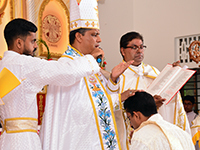 Six Priests are Ordained for Holy Cross in India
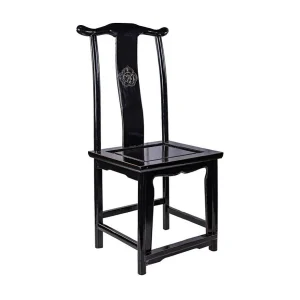 Houten stoel met handgemaakte afwerking Houten stoel met handgemaakte afwerking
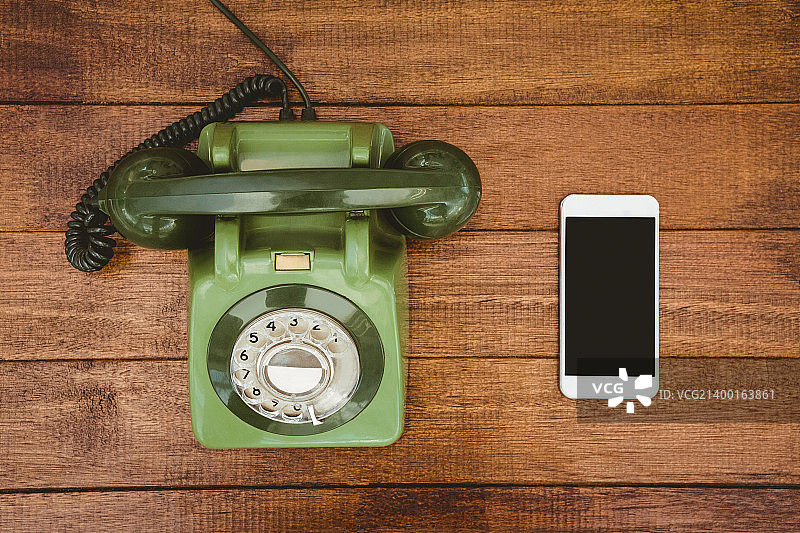 旧电话和智能手机图片素材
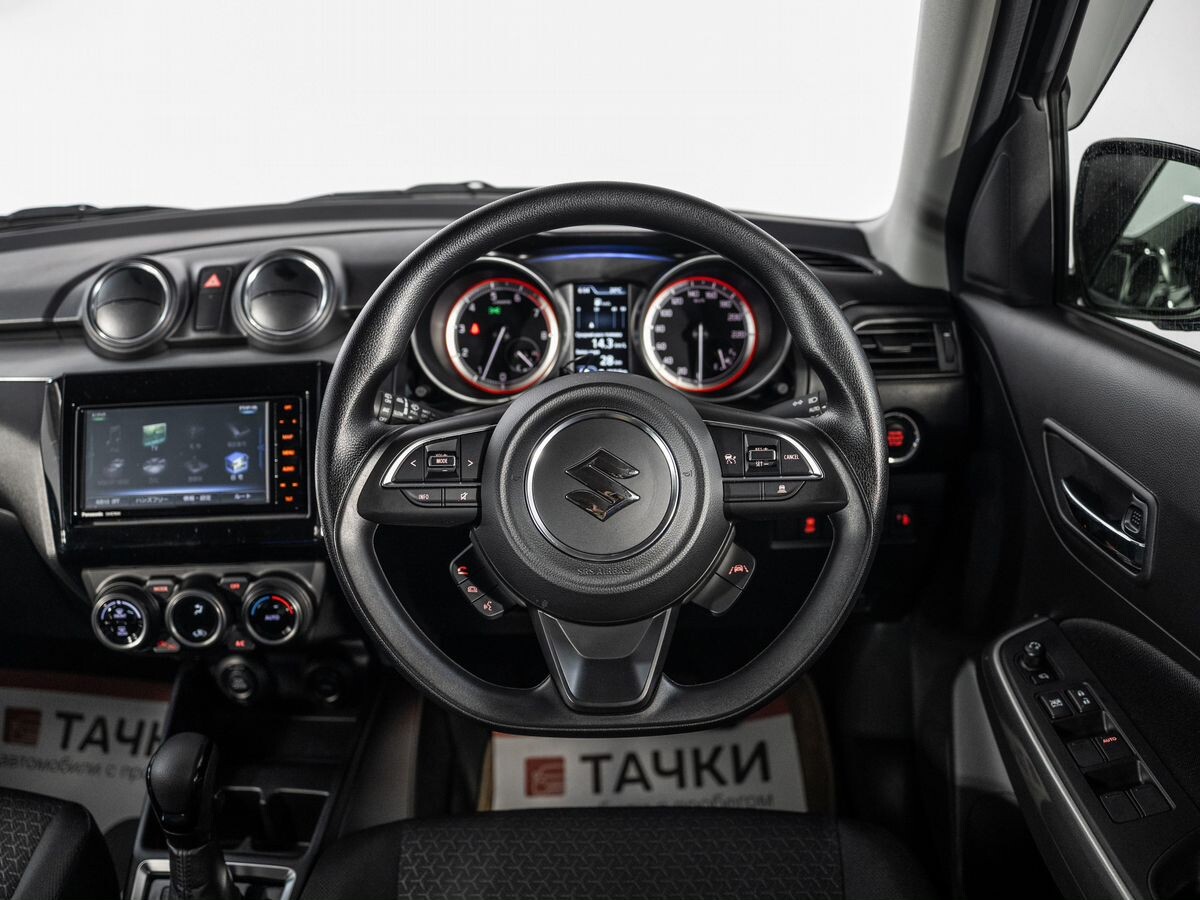 Suzuki Swift 2021 - фото автомобиля
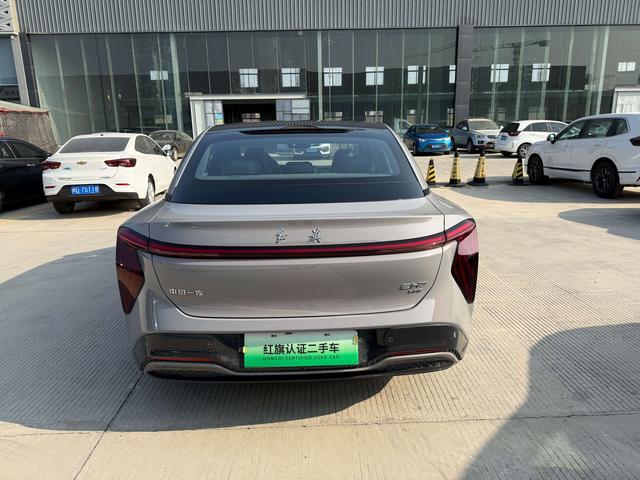 HongQi EH7 2024 car image #5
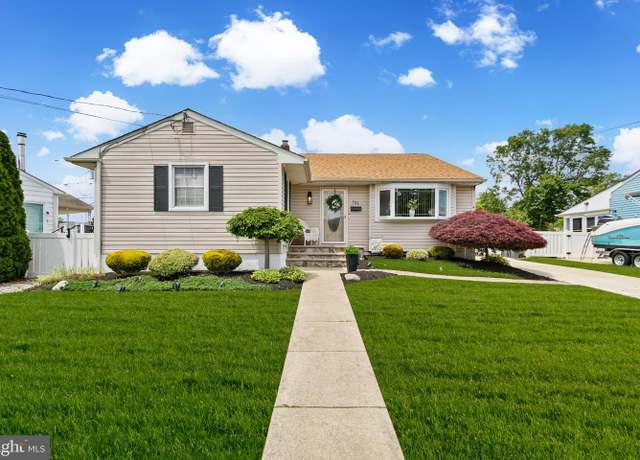 Property at 754 Devenney Dr, Bellmawr, NJ 08031, 3 beds, 1.5 baths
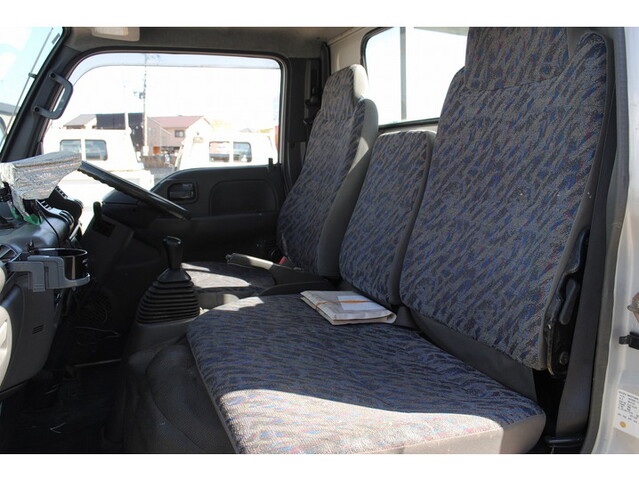 日産アトラス平ボディ小型（2t・3t）[写真26]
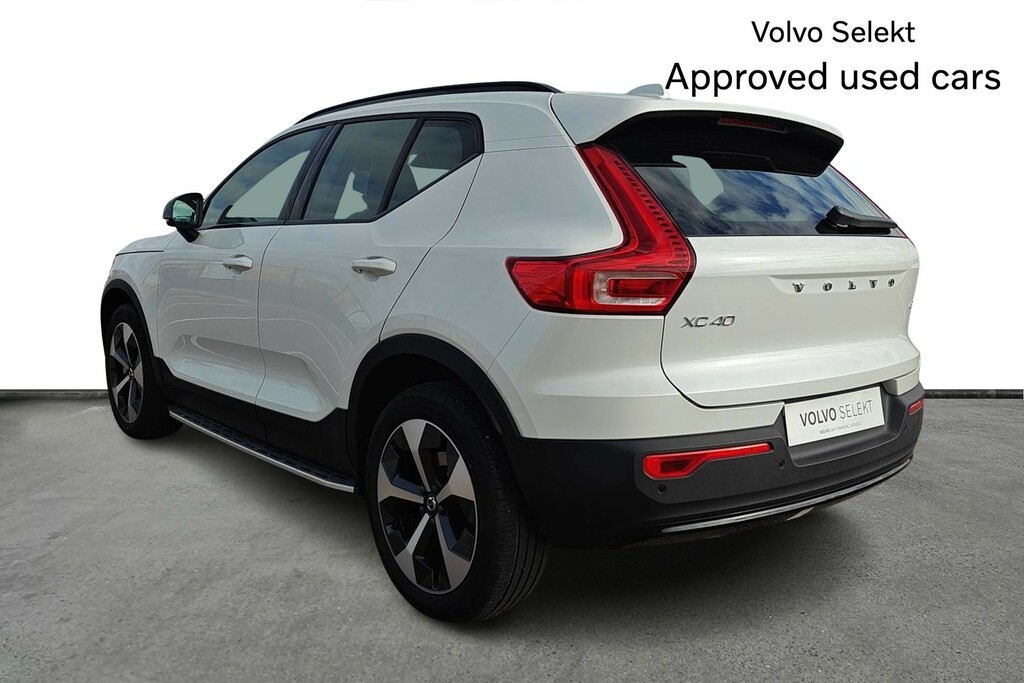 Volvo XC40 2.0 B3p Plus Dark SV75UJR White #3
--
## ABOUT THIS TASK
Line by line, write out the material above exactly, with no images.

## RESPONSE AREA
 Six Priests are Ordained for Holy Cross in India
 Houten stoel met handgemaakte afwerking Houten stoel met handgemaakte afwerking
 旧电话和智能手机图片素材
 Suzuki Swift 2021 - фото автомобиля
 HongQi EH7 2024 car image #5
 Property at 754 Devenney Dr, Bellmawr, NJ 08031, 3 beds, 1.5 baths
 日産アトラス平ボディ小型（2t・3t）[写真26]
 Volvo XC40 2.0 B3p Plus Dark SV75UJR White #3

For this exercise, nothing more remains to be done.